En el silencio en el que me confinaba mi
papel de espectador pensé en la muy injusta infravaloración de los hobbies, esas
aficiones que suelen estar soboteadas por los tiempos remunerados y que solo se llevan a cabo cuando la omnipresencia laboral da su
asentimiento. El empleo interfiere en la vida de las personas y, a
cambio de ingresos cada vez más exiguos, ocluye el acceso a prácticas que extraen y cultivan lo
mejor de sí mismas, haceres que sin embargo encapsulamos linguísticamente en palabras de depauperado valor social como afición o hobby. El propio diccionario de la RAE minusvalora ambos términos cuando
los describe como pasatiempos. Es paradójico que la Real Academia acuñe este término (pasatiempo) que informa de superficialidad o frugalidad, cuando probablemente donde más tiempo pasamos
deseando que pase el tiempo lo más raudo posible es en la esfera laboral.
Al escuchar la palabra hobby también me vino súbitamente a la cabeza una de mis palabras favoritas, diletante, es decir, quien cultiva algún
campo del saber y el arte desde la afición y no desde la profesionalidad. A mí me encantan las personas diletantes porque el diletantismo está imbuido de una
pasión y un entusiasmo que el empleo propende a marchitar con su
violencia burocrática, sus peajes de subalternidad y el encadenamiento a tiempos de ejecución que
se desentienden de la insorteable predisposición que requiere cualquier
desempeño. ¿Hay algo más encomiástico que enredarnos en una tarea por pura afición, ser un
diletante, hacer las cosas por amor al arte, como despectivamente señalamos a
las actividades no recompensadas monetariamente?

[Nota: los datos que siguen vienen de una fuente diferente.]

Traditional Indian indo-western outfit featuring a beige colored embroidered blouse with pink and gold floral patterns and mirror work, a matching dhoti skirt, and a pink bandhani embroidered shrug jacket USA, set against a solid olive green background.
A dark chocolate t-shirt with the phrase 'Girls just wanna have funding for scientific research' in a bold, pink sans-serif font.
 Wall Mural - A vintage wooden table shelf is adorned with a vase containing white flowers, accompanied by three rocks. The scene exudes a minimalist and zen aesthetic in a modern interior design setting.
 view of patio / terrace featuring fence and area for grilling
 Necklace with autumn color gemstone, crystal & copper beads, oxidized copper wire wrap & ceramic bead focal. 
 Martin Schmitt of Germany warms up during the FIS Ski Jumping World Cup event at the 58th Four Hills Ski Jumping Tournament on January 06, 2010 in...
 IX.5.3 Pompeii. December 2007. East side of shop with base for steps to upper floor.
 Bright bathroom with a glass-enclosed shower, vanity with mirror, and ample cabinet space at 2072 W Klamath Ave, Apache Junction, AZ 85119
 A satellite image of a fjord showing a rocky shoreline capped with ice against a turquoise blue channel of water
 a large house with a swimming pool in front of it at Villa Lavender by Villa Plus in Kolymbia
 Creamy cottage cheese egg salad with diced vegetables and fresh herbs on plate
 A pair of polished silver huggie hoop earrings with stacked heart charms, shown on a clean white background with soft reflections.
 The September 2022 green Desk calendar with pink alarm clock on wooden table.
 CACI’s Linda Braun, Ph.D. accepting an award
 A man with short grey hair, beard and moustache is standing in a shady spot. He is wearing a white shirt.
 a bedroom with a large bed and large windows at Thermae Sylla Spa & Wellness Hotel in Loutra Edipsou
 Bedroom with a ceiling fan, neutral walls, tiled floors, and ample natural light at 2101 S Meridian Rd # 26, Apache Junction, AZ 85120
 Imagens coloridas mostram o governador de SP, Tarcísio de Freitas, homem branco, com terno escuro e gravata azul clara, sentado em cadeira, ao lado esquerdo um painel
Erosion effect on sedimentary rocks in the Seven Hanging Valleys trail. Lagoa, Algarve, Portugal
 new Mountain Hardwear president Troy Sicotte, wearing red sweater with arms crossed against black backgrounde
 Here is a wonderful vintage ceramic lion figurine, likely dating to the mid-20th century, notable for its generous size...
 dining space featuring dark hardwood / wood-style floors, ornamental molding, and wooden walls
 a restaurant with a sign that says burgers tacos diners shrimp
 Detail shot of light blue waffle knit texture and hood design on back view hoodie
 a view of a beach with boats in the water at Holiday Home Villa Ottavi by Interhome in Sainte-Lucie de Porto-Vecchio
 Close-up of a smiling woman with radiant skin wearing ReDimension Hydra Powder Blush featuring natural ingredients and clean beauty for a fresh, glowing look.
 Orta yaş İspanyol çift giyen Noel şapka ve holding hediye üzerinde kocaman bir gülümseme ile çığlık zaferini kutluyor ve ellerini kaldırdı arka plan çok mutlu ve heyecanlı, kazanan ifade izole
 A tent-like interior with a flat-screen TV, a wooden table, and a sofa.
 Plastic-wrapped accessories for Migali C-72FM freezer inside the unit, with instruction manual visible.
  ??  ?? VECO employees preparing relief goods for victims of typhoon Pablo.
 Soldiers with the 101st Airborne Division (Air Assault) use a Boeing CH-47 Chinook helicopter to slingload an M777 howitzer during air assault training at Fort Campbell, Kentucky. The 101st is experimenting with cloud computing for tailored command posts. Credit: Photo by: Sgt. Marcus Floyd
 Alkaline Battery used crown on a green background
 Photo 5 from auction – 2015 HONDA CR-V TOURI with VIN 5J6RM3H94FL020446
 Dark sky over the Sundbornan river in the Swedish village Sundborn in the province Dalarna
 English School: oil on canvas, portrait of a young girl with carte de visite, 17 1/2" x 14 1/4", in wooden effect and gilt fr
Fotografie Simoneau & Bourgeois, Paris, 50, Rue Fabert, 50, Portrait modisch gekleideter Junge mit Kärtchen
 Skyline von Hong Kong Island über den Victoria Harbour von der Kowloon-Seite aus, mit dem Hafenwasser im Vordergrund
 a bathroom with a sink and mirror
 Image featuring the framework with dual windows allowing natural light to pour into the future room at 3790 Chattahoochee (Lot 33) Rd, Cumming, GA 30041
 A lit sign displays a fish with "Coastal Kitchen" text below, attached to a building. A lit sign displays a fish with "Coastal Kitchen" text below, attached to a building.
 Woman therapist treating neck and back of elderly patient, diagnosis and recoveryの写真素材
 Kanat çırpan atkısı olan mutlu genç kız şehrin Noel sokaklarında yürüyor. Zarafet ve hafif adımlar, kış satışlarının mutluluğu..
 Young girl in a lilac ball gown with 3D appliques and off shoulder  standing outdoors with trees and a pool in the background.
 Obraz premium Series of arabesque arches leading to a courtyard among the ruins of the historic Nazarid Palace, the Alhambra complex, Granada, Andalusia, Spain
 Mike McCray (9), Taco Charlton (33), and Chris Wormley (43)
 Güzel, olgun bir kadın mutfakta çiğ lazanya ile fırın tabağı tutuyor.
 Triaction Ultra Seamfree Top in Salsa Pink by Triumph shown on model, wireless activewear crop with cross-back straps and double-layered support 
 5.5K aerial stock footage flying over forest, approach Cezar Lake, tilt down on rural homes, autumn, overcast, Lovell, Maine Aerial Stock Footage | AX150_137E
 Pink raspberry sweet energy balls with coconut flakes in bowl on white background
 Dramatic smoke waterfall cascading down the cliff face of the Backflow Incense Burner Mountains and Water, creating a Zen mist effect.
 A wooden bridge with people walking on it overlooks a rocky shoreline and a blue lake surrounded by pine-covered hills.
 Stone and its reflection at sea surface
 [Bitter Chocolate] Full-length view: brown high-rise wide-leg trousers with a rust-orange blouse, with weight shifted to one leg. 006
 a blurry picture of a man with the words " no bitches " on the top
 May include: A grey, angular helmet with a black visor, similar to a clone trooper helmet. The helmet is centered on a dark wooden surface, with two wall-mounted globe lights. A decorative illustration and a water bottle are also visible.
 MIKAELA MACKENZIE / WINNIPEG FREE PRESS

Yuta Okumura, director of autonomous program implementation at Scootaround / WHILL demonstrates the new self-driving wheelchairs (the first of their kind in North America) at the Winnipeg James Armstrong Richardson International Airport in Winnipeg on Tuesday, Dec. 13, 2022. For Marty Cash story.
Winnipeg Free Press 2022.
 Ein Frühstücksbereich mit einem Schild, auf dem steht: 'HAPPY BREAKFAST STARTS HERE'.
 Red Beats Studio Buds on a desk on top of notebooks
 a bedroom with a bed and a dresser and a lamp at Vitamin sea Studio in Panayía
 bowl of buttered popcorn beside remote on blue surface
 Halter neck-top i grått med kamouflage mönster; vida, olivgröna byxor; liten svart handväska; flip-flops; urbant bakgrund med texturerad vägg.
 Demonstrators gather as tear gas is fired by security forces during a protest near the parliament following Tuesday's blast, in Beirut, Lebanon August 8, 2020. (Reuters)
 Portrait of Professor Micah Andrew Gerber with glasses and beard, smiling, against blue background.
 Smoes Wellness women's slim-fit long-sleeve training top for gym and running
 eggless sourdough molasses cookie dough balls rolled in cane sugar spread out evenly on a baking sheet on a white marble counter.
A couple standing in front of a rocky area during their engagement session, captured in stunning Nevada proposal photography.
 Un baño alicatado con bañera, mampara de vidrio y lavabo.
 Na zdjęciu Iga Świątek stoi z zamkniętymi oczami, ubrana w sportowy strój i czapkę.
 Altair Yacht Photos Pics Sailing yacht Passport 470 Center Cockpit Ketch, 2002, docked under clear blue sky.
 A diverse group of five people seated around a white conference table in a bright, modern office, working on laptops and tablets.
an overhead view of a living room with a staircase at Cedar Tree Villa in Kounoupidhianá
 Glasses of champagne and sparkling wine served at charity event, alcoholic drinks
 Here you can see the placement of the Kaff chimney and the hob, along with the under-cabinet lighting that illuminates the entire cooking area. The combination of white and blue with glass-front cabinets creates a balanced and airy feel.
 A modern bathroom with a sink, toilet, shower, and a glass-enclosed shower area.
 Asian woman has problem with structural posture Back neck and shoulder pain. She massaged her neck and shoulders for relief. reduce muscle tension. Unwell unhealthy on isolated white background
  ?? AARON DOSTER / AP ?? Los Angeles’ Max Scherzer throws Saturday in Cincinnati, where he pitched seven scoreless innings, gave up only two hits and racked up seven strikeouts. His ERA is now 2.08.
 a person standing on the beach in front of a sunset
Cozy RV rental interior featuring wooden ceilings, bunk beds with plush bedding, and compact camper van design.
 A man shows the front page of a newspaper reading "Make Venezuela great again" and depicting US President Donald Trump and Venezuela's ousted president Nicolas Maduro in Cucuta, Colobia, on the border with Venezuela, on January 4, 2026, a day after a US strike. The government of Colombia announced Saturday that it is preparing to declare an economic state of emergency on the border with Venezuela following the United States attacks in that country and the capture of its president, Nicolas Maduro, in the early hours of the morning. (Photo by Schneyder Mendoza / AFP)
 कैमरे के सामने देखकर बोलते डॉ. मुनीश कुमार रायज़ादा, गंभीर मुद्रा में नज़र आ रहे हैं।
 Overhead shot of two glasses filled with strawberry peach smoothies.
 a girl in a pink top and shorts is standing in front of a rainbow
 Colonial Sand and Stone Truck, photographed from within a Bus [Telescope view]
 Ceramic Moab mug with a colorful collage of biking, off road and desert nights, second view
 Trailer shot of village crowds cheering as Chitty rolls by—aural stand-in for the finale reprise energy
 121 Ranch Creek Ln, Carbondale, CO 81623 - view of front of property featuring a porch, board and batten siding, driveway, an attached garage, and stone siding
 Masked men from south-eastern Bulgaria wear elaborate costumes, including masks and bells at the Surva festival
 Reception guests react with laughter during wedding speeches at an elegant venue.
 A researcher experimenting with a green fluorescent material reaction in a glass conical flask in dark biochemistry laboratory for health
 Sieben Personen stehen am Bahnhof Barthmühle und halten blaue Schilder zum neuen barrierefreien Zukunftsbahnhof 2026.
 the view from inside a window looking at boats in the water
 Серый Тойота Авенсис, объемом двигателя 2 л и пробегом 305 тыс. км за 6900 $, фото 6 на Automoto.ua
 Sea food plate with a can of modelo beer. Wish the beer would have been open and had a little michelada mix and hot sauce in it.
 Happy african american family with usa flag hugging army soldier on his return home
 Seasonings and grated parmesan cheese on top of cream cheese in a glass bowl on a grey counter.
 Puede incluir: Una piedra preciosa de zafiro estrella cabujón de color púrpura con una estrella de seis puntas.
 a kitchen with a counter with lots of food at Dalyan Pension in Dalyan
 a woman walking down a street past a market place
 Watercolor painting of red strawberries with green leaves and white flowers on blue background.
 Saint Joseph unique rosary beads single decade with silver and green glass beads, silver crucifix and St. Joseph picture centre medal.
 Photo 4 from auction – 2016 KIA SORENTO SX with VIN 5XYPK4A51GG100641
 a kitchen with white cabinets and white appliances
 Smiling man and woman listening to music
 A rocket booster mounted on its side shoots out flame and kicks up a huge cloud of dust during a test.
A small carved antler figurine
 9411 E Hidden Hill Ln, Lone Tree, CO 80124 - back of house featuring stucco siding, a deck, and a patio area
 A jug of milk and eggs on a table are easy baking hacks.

No creo que haya hipérbole alguna en aseverar que hacer algo por amor a
lo que se hace es lo más elevado que se puede hacer.
En la irónica, divertida pero a la vez agria novela El descontento, de Beatriz Serrano, un alegato contra el drenaje existencial que supone la sumisión laboral, la protagonista se mofa de una frase que le resulta ofensiva y que suele proferirse a modo de salmo para santificar el empleo y olvidarse de su condición de relación social y de pérdida de la soberanía de un abultado segmento de tiempo y por extensión de una porción bastante grande de la vida: «Encuentra un trabajo que te guste y nunca más tendrás que volver a trabajar». Este aserto tan usual en la literatura empresarial se puede objetar fácilmente. La refutación me la encuentro como cita en el capítulo Los cuerpos y los trabajos intelectuales del último ensayo de Remedios Zafra, El Informe. La cita es un diálogo. «¿Y no preferirías un trabajo relacionado con lo que te gusta?». La respuesta es antológica. «No. Prefiero hacer lo que me gusta cuando termino el trabajo». Esta pregunta y respuesta no están extraídas de una novela o de una película escrita por guionistas brillantes. Provienen de una conversación que entabla la autora con un estudiante de instituto, que quizá ya ha experimentado cómo la pasión propende a evaporarse en contextos no electivos.
En numerosas ocasiones los hobbies se infraestiman al
aplicarles análisis financieros de rentabilidad, como si el apasionamiento que
proveen se pudiera cuantificar y traducir monetariamente, o si el hobby
persiguiera el propósito de obtener unos ingresos que sí son inherentes al empleo. Una
amiga me contaba hace unos días la delectación que su pareja y ella habían
encontrado en el cultivo de un huerto. Pero adjuntada a esta alegría me confesó con un mohín de descontento lo siguiente: «Tenemos un huerto y la gente lo primero que nos pregunta es si es rentable». Cuánta elocuencia sin necesidad de dar muchas explicaciones.